L’Iggy Pop che, tirando in ballo la vecchia commedia 12 metri d’amore di Vincente Minnelli, racconta non solo di quando, da bambino, suonava la batteria all’interno della grande roulotte in cui viveva insieme ai genitori, ma anche di come, ai tempi delle scuole superiori, faceva da batterista al suo gruppo The Iguanas, con lo strumento assurdamente montato sopra ad una pedana posta a quattro metri d’altezza. Regalando soltanto un paio dei curiosi aneddoti destinati ad emergere nell’assemblaggio di interviste, frammenti di cartoni animati d’epoca e immagini di repertorio destinato a rivelare posizioni politiche, ascesa e caduta dell’immarcescibile rocker – al quale, inoltre, Todd Hayes si è in parte ispirato per il personaggio di Curt Wild nel suo Velvet Goldmine – e dei compagni di palcoscenico Steve Mackay, Scott Asheton, Ron Asheton e Dave Alexander. Perché, chiaramente, non sono neppure le morti di questi ultimi due ad essere dimenticate; mentre, tra filmati riguardanti i Four tops, le Shangri-Las, i Dead boys e i Dictators, viene esplorato anche il percorso relativo all’uso delle droghe, dalla marijuana all’LSD, fino all’eroina.

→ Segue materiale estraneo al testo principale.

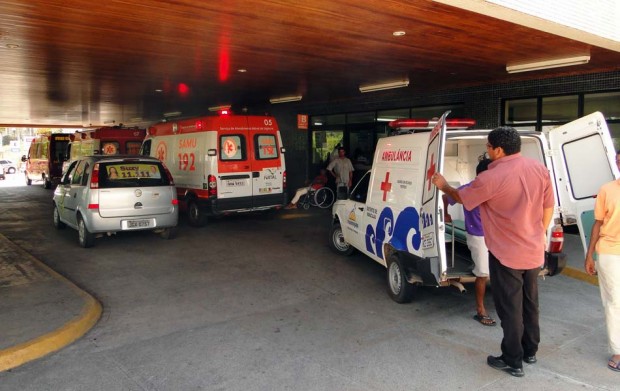 Sindsaúde: Mais de 100 pacientes esperam por cirurgia nos corredores do Walfredo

Ed è da No fun a 1969 che spazia la colonna sonora di quella che si rivela la ricostruzione in fotogrammi di una anarchica carriera che ha portato ad incontri con Nico, i Velvet Underground, David Bowie e il genio della Pop Art Andy Warhol; man mano che si passa per le manifestazioni californiane dell’epoca “Peace & love” e che non mancano di essere menzionati, tra gli altri, Who, MC5, Jay and the Americans, Damned e Sonic Youth.

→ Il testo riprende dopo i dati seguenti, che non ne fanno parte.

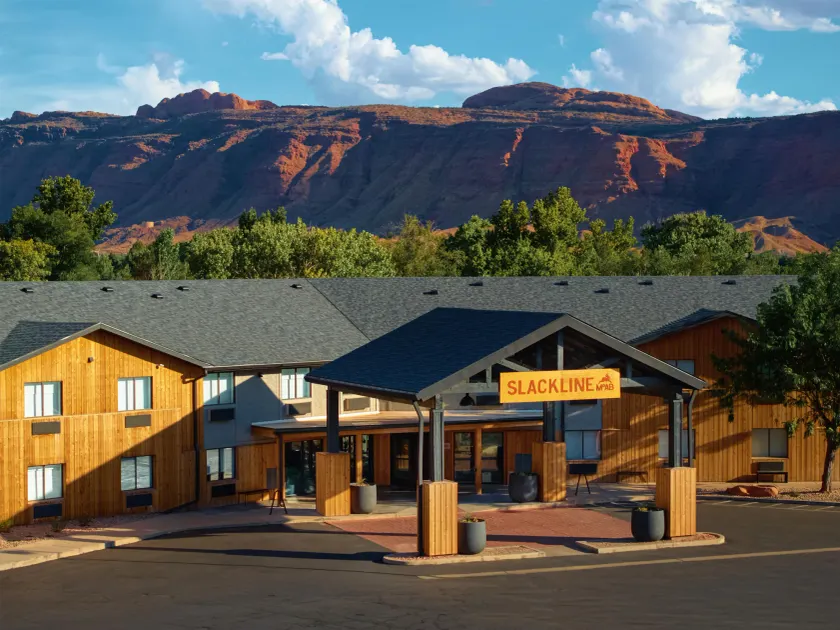 Slackline Moab, Outset Collection by Hilton - Image 1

Fino ad arrivare alla reunion stoogesiana (ma con una nuova formazione) risalente al 2003, quasi al culmine di un’operazione a proposito di cui Jarmusch dichiara: “Gimme danger è più un saggio che un documento. È la nostra lettera d’amore per quella che probabilmente è stata la più grande band della storia del rock’n’roll. Racconta la loro storia, le loro influenze e il loro impatto, con filmati e fotografie mai viste prima. Proprio come The Stooges e la loro musica, è un film selvaggio, disordinato, emotivo, divertente, primitivo e sofisticato allo stesso tempo”.
Un film che si trasformerà senza alcun dubbio nell’oggetto del desiderio da custodire gelosamente per tutti i fan di coloro il cui ultimo album fu Raw power, ma che, a lungo andare, rischia in più occasioni di annoiare il resto degli spettatori.